The Independent Inquiry into Child Sexual Abuse is just finishing its investigation of the scandals involving the Church of England in Sussex or, in the jargon, the diocese of Chichester. What it has found, in the words of one witness, has been “horrifying to a huge degree, because you see this extraordinary and atrocious willingness to turn a blind eye to things going very, very seriously wrong, and entirely damaging human beings for their whole lifetimes”. The speaker was Justin Welby, the present archbishop of Canterbury. He can’t on this occasion be accused of overstatement. The picture that has emerged of the Church of England is an organisation almost paralysed by self-importance, but lacking in real self-confidence and, as a result, almost wholly unaccountable, even internally. Bishops quite often burned all their confidential files on leaving office, to ensure there was no evidence to trouble their successors. The clergy were held to be more important than the laity, and the bishops far superior to the parish clergy. The archbishop told the inquiry that he thinks every day about how the church will answer for its sins on the day of judgment, but few people within it seem to have been troubled by the thought of any earlier reckoning.

This goes for both the preceding archbishops of Canterbury, Lord Williams and Lord Carey. Lord Carey, who submitted two paragraphs of written evidence to the inquiry, was sacked last summer by Mr Welby from his post as an unpaid parish priest after details emerged of his suppression of evidence in the case of Peter Ball, who had abused boys as a junior bishop in Chichester before being promoted to become bishop of Gloucester and finally arrested, charged and sentenced after one of his victims killed himself.
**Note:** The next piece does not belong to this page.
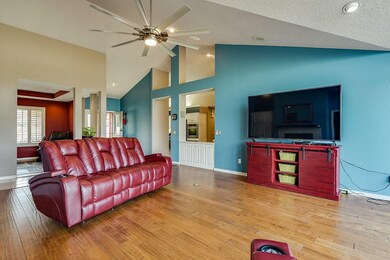 Large living space with open view into kitchen and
Lord Carey still believes he has been treated unfairly, and some of his conservative evangelical supporters claim that he is being persecuted for his theological views.

Lord Williams gave evidence that there may have been a reluctance to pursue priests who abused children because the church, embarrassed by its earlier attitudes to gay clergy, was wary of seeming “judgmental about people’s sexual activities”. He also said he was entirely unaware of the efforts of his staff to throw all the blame for the scandal on to the then bishop of Chichester.

In fact the diocese of Chichester was exceptional only in its shamelessness, not in the attitudes for which it should have been ashamed. As recently as 2013, the current archbishop of York, John Sentamu, minuted “no action” on a written complaint from one of his priests before assuring him of his thoughts and prayers. Matthew Ineson had described his rape, as a young man, by another priest (who later committed suicide rather than face trial). Staff defended Mr Sentamu’s response on the grounds that dealing with the rape of one of his priests was actually the responsibility of the diocesan bishop, Steven Croft, whose own account of his inactions has not been entirely convincing. But this evasion just won’t do, either morally or as a matter of policy. Compare and contrast Mr Welby’s statement to the inquiry that “it is not an acceptable human response, let alone a leadership response” to say “I have heard about a problem, but … it was someone else’s job to report it”.

Mr Welby is working on cultural changes. The outside world must help him along. Mandatory reporting to the civil authorities of any suspicion of child abuse is the very least of the measures that need be taken. If the church wants to recover any moral authority, it must practice penitence and not just preach it.